Sunday, November 13, 2016

Effort justification

Yesterday I finished grading a bunch of student papers, an activity that led me to think of the concepts of effort justification and the effort heuristic. This is part of my ongoing effort to understand the psychology behind the persistence of Mesomania.

I posted a comment on cognitive dissonance on the mesomania blog, here. Effort justification is an aspect of cognitive dissonance in the sense that when people spend a lot of time and effort on a project, they tend to justify the effort by believing this proposition:

"the subjective value of an outcome is directly related to the effort that went into obtaining it."

In other words, people who invest in an activity think it is more valuable than those who haven't invested the same amount of time and effort.

IMO, this explains a lot of the Mesomania we continue to see.

Imagine that you've grown up with the belief that the Book of Mormon took place in Mesoamerica. Maybe you've gotten a PhD in Mesoamerican archaeology. Or maybe you've written long, detailed books and/or journal articles on the topic. Or edited a journal that published such material. Or you've spent decades researching and writing on the topic, speaking at conferences, maintaining a blog, teaching students, etc. Or maybe you've raised a lot of money to promote the Mesoamerican setting.

Then you are confronted with evidence that completely contradicts your efforts.
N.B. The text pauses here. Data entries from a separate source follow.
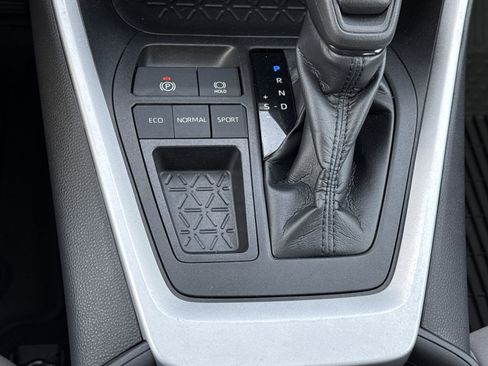 Used 2020 Toyota RAV4 XLE image 25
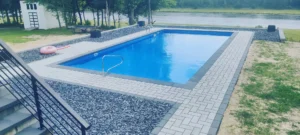 Smithfield Lakeside Liner Pool
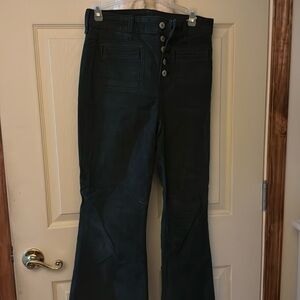 American Eagle flare corduroy - size 4 - worn once! Smoke free home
You develop serious cognitive dissonance.

What do you do?

According to effort justification theory, you will continue to believe your efforts turned out well, that you are still correct, that the evidence is unreliable and not credible, etc.

Effort justification explains why LDS scholars and educators continue to reject the prophets and apostles on the topic of the New York Cumorah.

Here's one explanation, from this site:

"It also seems to be the case that we value most highly those goals or items which have required considerable effort to achieve.
"This is probably because dissonance would be caused if we spent a great effort to achieve something and then evaluated it negatively. We could, of course, spend years of effort into achieving something which turns out to be a load of rubbish and then, in order to avoid the dissonance that produces, try to convince ourselves that we didn't really spend years of effort, or that the effort was really quite enjoyable, or that it wasn't really a lot of effort.
"In fact, though, it seems we find it easier to persuade ourselves that what we have achieved is worthwhile and that's what most of us do, evaluating highly something whose achievement has cost us dear - whether other people think it's much cop or not! This method of reducing dissonance is known as 'effort justification'.
"If we put effort into a task which we have chosen to carry out, and the task turns out badly, we experience dissonance. To reduce this dissonance, we are motivated to try to think that the task turned out well."
Here's another example, from an article on the effort heuristic:

"Consider the following: After receiving a low grade on a paper, a student approaches you after class and complains about his or her grade. Occasionally, such protests stem from errors in grading or strategic attempts by the student to ‘‘work’’ the system. But more often, the grade is correct, and the protest sincere. In such cases, it is not uncommon to hear some version of the following: ‘‘But I don t understand. I worked so could I get a D?’’ Apparently, the student believes that because he or she invested great effort, the outcome of that effort must be great as well. Indeed, we recently asked a group of Cornell University students to indicate (confidentially) how much effort they put into a term paper and the grade they expected to receive, and compared those estimates with the actual grades received. Although predicted and actual grades were positively correlated, that relationship was dwarfed by the relationship between the grade the students expected to receive and the effort they reported investing in the paper."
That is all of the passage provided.